One thing to note here is that these comparisons are between a small pool of devices (FNPRMS) versus a larger pool of devices (perftest). You might want to isolate a time series for each device in perftest and see if either of them, or some combination of them (if fnprms uses more than one) match up to FNPRMS. It's possible that the regressions detected in FNPRMS are biased because your sample/test-subject size is too small.

acreskeyMoz · 2020-09-21T14:11:16Z

This is my suggestion:

We take the raw results from these runs:

• perftest in CI with 25 iterations
• perftest in CI with 14 iterations
• FNPRMS run with 25 iterations
• (maybe?) FNPRMS run with 14 iterations

And for each we calculate:
• Std Dev
• Margin of Error

And compare.
Maybe n=30 is the sweet spot for these tests?

Perhaps we'll also want to compare variance. @gmierz was using a Levene test when looking at the perf tuning impact on noise.

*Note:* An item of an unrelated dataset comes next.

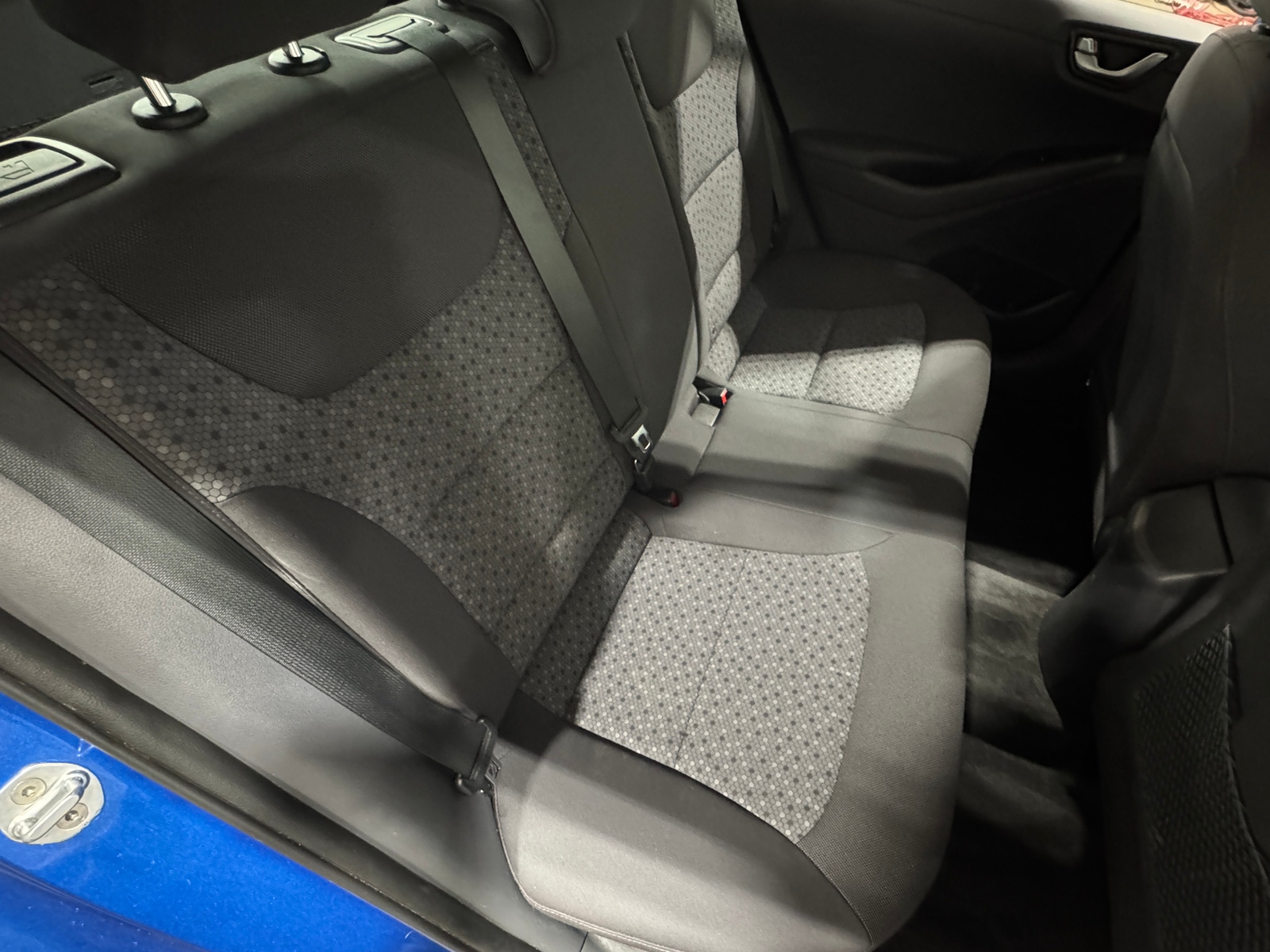 Thumbnail: 2018 Hyundai Ioniq - 6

I'm happy to do this unless someone else wants to.
I do have a couple of days work already scheduled ahead of me though.

gmierz · 2020-09-21T17:36:36Z

Levene's test should definitely be used here to compare variance between multiple data sources with potentially differing means. It will tell you if there is a statistically significant difference in the variance, and more specifically, it only tells you if they are equal or not. You can then use the %-change in std.dev./errors to determine which one is larger if there is a difference.

I still think that the difference in devices should be looked into, and we might be better off using pystones for these timings rather than raw milliseconds.

mcomella · 2020-09-21T18:10:50Z

I'm happy to do this unless someone else wants to.
I do have a couple of days work already scheduled ahead of me though.

@acreskeyMoz If you have the cycles for it, I think it'd be ideal! :) I don't have any statistics background nor do I have much familiarity with how our CI infra is set up so I think it'd be time consuming for me and I'd need to bother you or sparky frequently anyway.

To be explicit: ideally, we could get this ASAP but I think it's fine to wait a few more days especially because I'll be implementing other regression prevention mechanisms while I'm waiting for your results.

I'll assume that you're going to do it but let me know if that's not the case. Thanks!

acreskeyMoz · 2020-09-21T21:44:21Z

I'm starting on this now -- I expect to have the initial summary for perftest by tomorrow.

I'm also including a variation where the multicommit fenix is replaced with the nightly.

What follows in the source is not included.